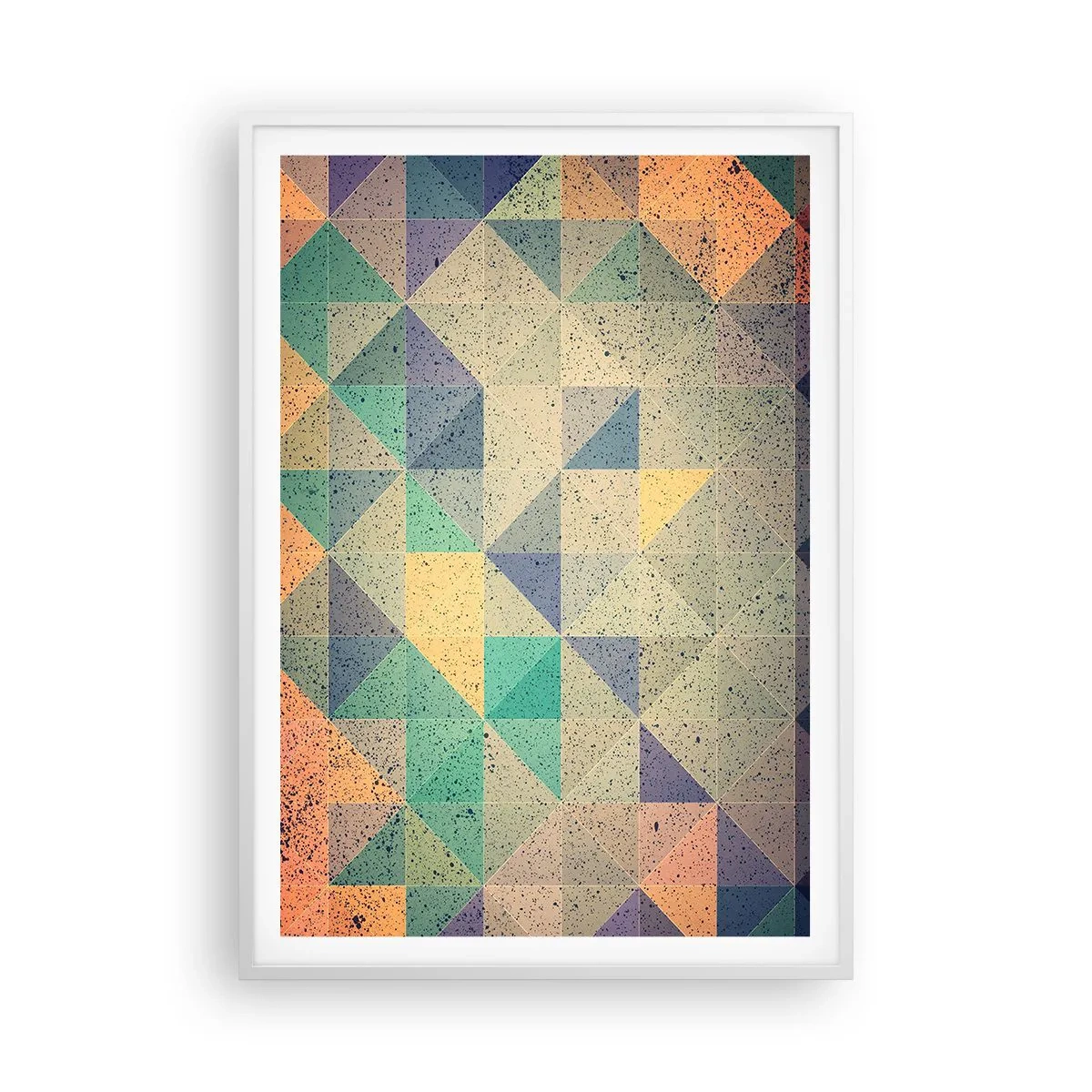 Pôster em moldura branca - República dos triângulos - 70x100 cm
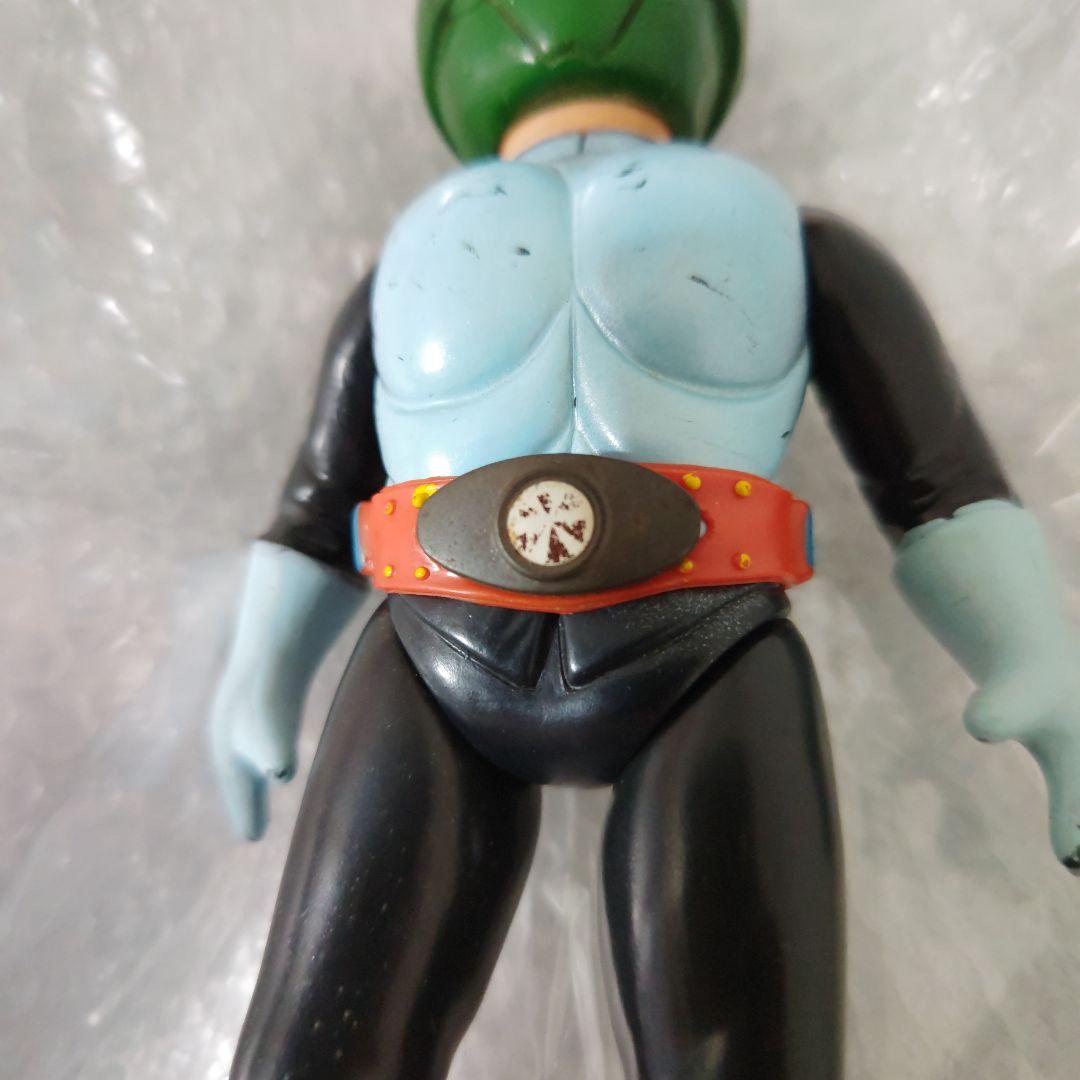 旧バンダイ　仮面ライダー　面取れ　ソフビ　ブリキベルト　26cm　現状品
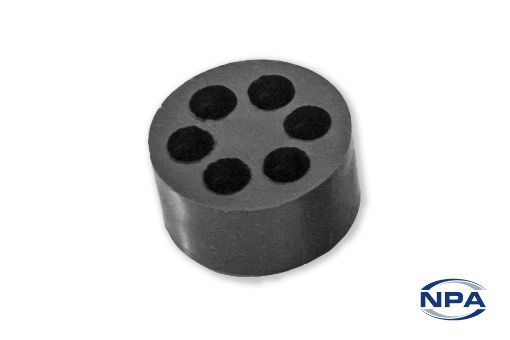 Picture of Multi-Hole Insert 6 Holes Black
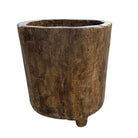 Antique Nagaland Wood Planter - Large - Berbere Imports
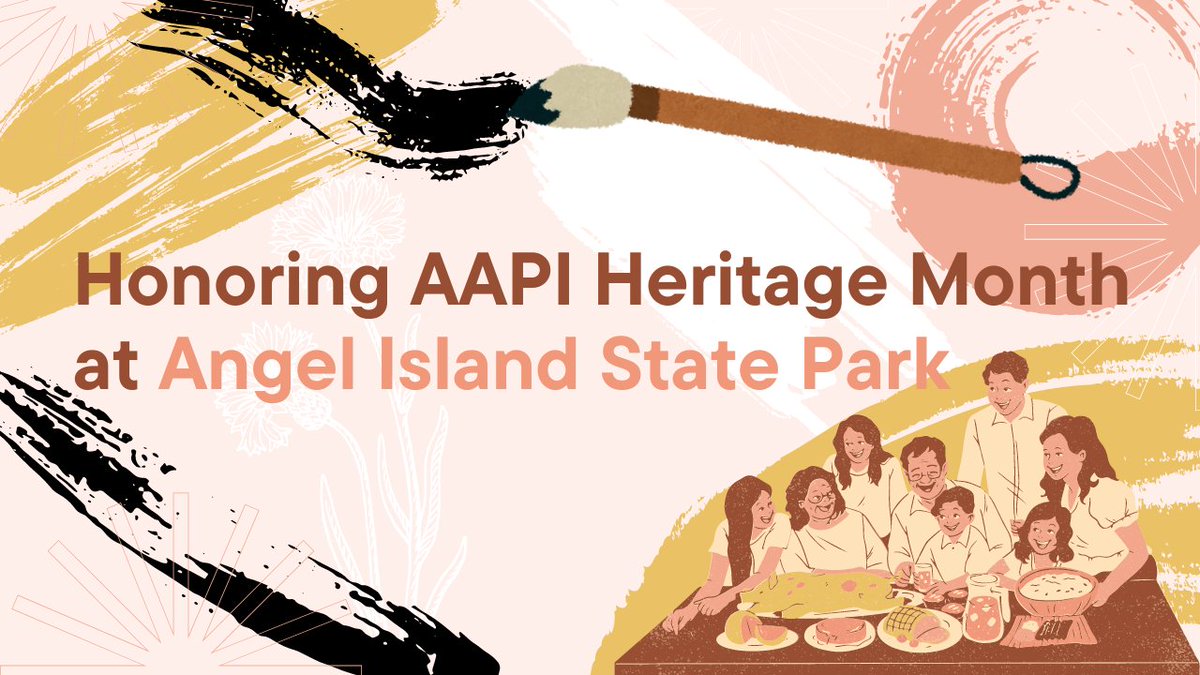 Join us virtually today, 9-10am PST to honor AAPI Heritage Month at Angel Island SP. Explore the compelling history of Asian immigrants at the Angel Island Immigration Station. Tune in via Zoom or California State Parks PORTS YouTube channel. Register now: bit.ly/3ULSQlO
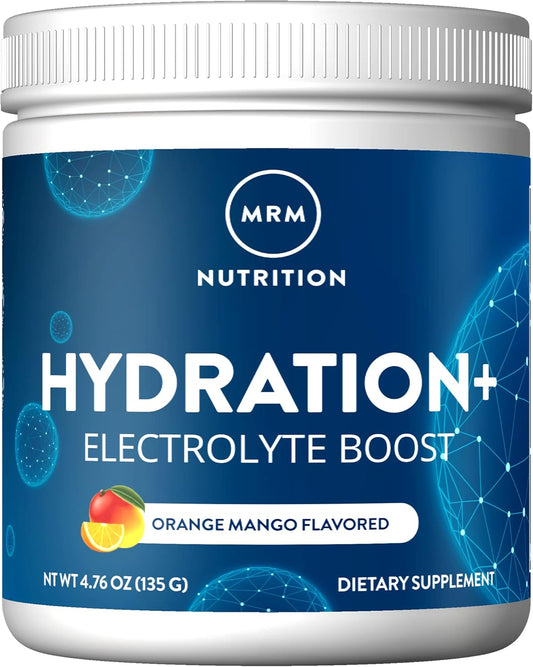 MRM Nutrition Hydration + Orange Mango Flavored Electrolyte Boost with Vitamins, Minerals, and Antioxidants - Vegan and Gluten-Free - 15 Servings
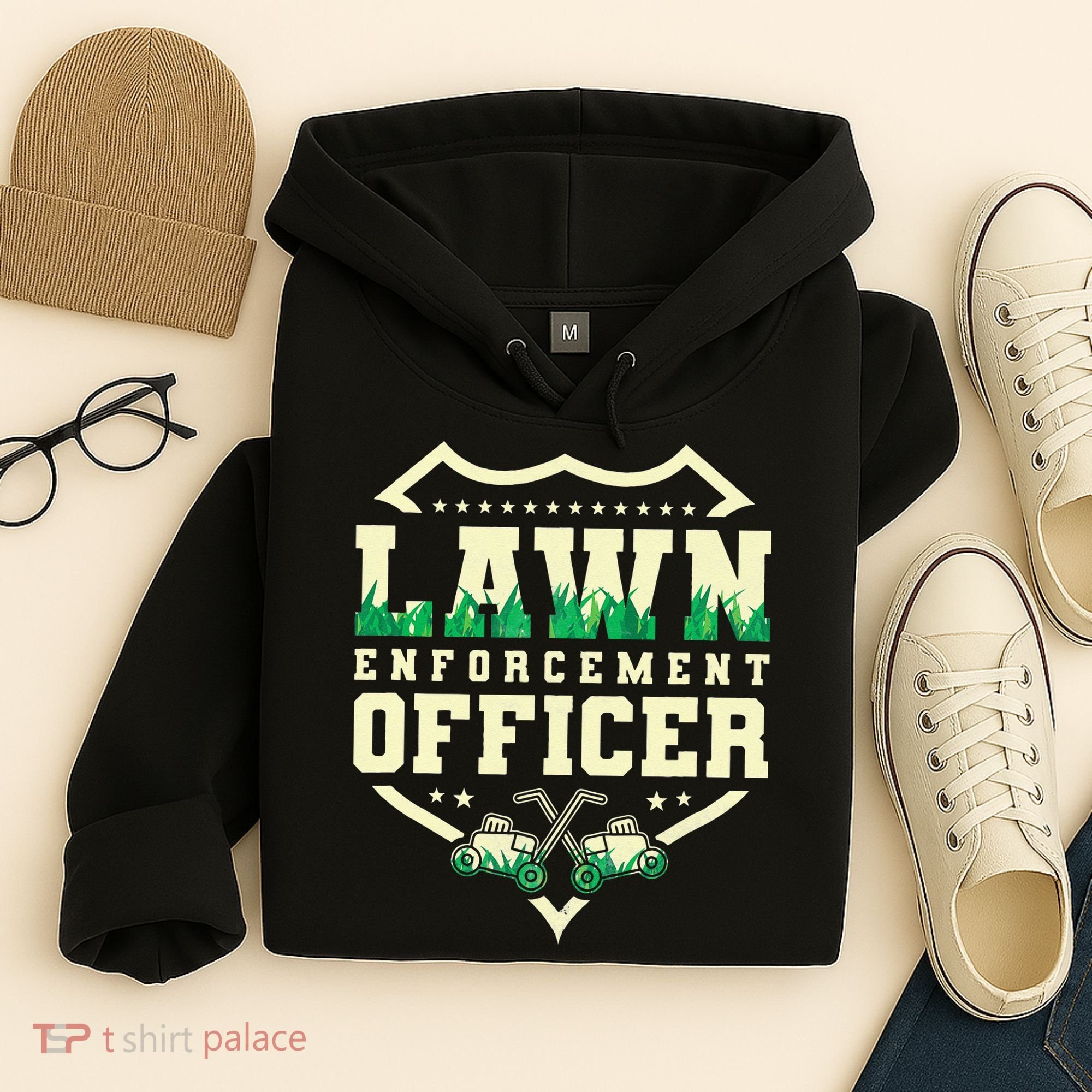 Lawn Enforcement Officer Lawn Care Hoodie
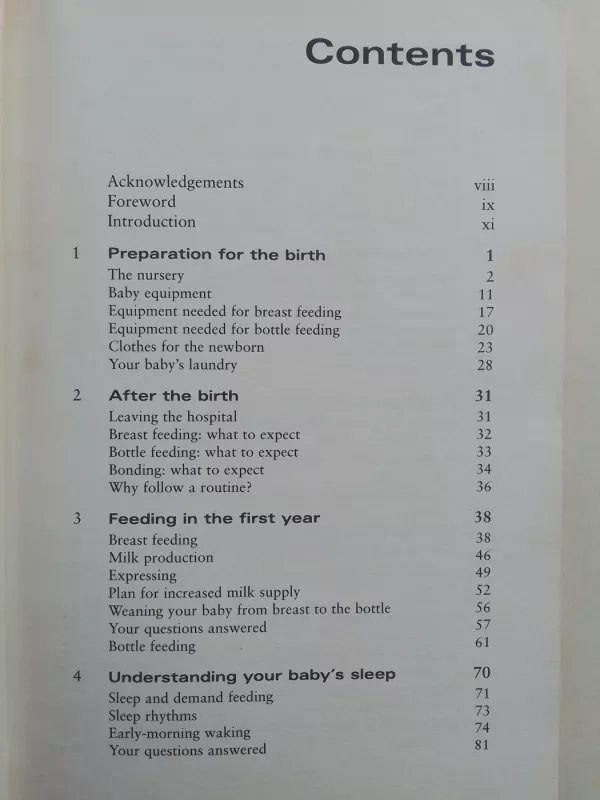 The new contented little baby book - Gina Ford, knyga 4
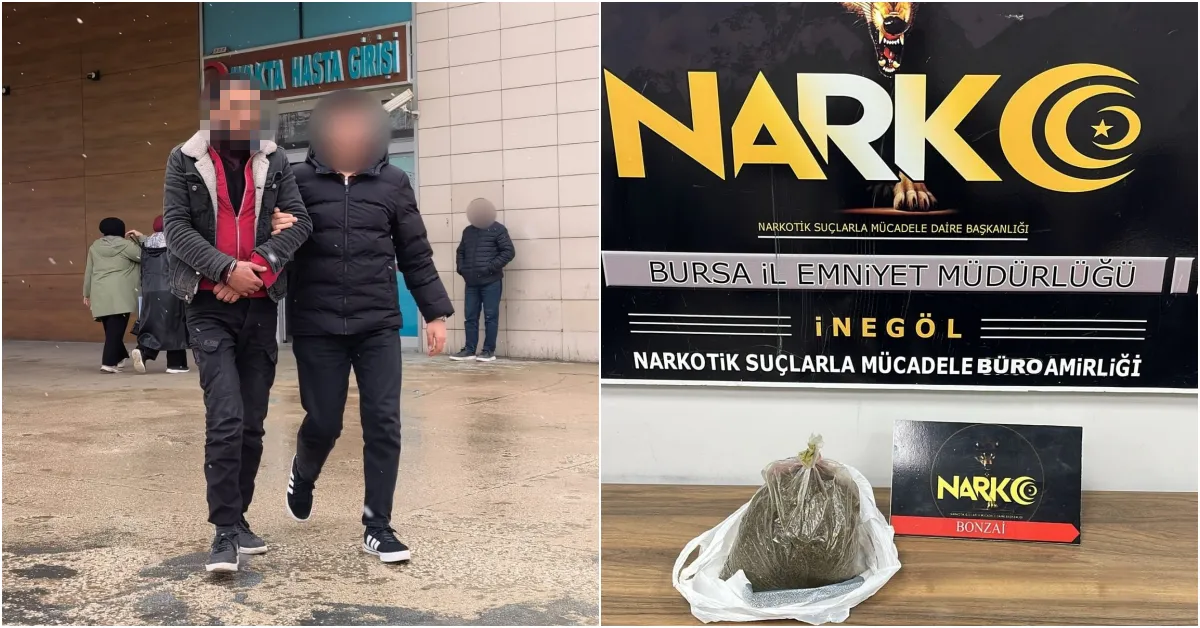 İnegöl'de Narkotik Operasyonu Zehir Taciri Tutuklandı (1)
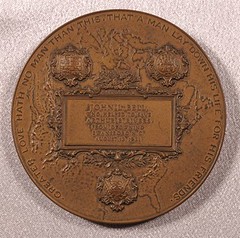 Carnegie Hero medal - Bell reverse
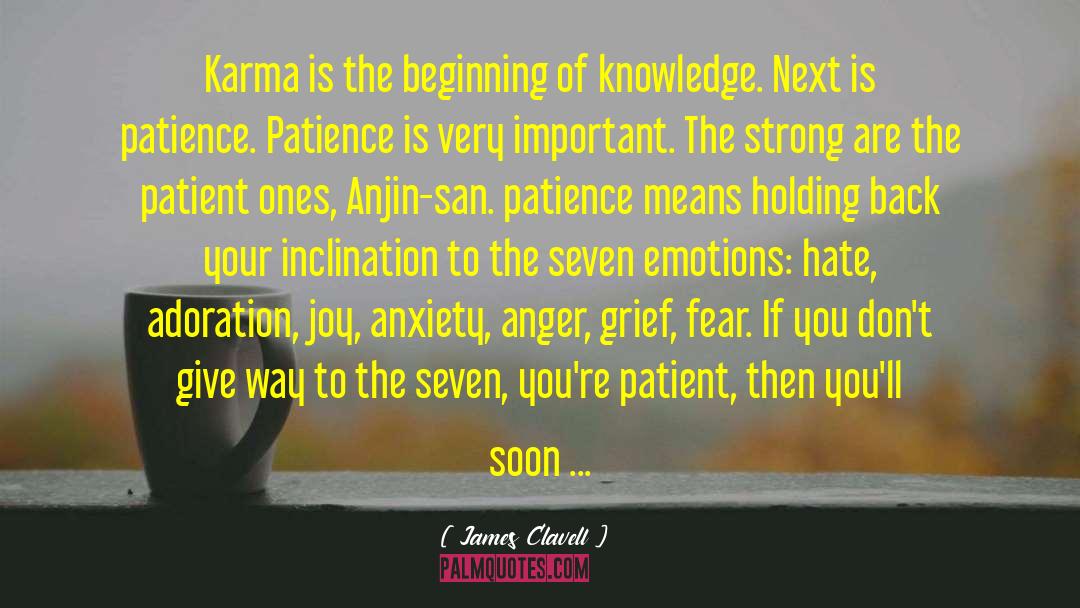 James Clavell Quotes: Karma is the beginning of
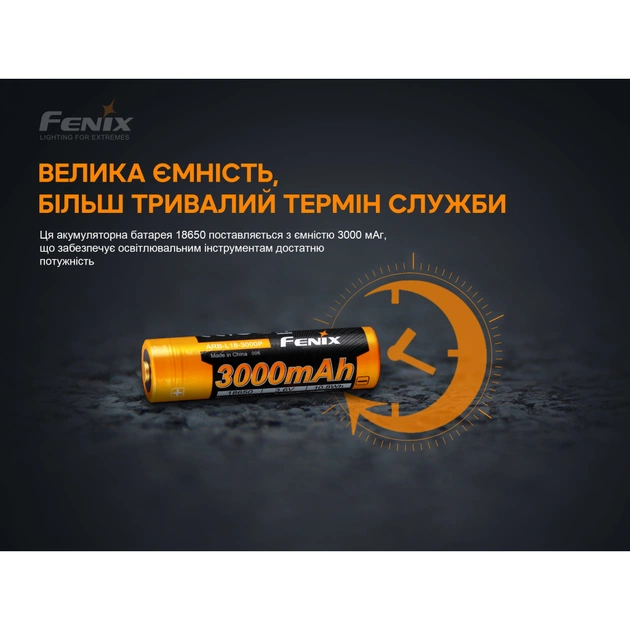 Акумулятор Fenix 18650 3000 mAh (ARB-L18-3000P) - picture 6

▬▬▬▬▬▬

→ Instructions to follow:
Keep the pictures out of the copy and return the rest of the data above exactly.

→ Solved problem:
 Pôster em moldura branca - República dos triângulos - 70x100 cm
 旧バンダイ　仮面ライダー　面取れ　ソフビ　ブリキベルト　26cm　現状品
 Picture of Multi-Hole Insert 6 Holes Black
 Antique Nagaland Wood Planter - Large - Berbere Imports
 Join us virtually today, 9-10am PST to honor AAPI Heritage Month at Angel Island SP. Explore the compelling history of Asian immigrants at the Angel Island Immigration Station. Tune in via Zoom or California State Parks PORTS YouTube channel. Register now: bit.ly/3ULSQlO
 MRM Nutrition Hydration + Orange Mango Flavored Electrolyte Boost with Vitamins, Minerals, and Antioxidants - Vegan and Gluten-Free - 15 Servings
 Lawn Enforcement Officer Lawn Care Hoodie
 The new contented little baby book - Gina Ford, knyga 4
 İnegöl'de Narkotik Operasyonu Zehir Taciri Tutuklandı (1)
 Carnegie Hero medal - Bell reverse
 James Clavell Quotes: Karma is the beginning of
 Акумулятор Fenix 18650 3000 mAh (ARB-L18-3000P) - picture 6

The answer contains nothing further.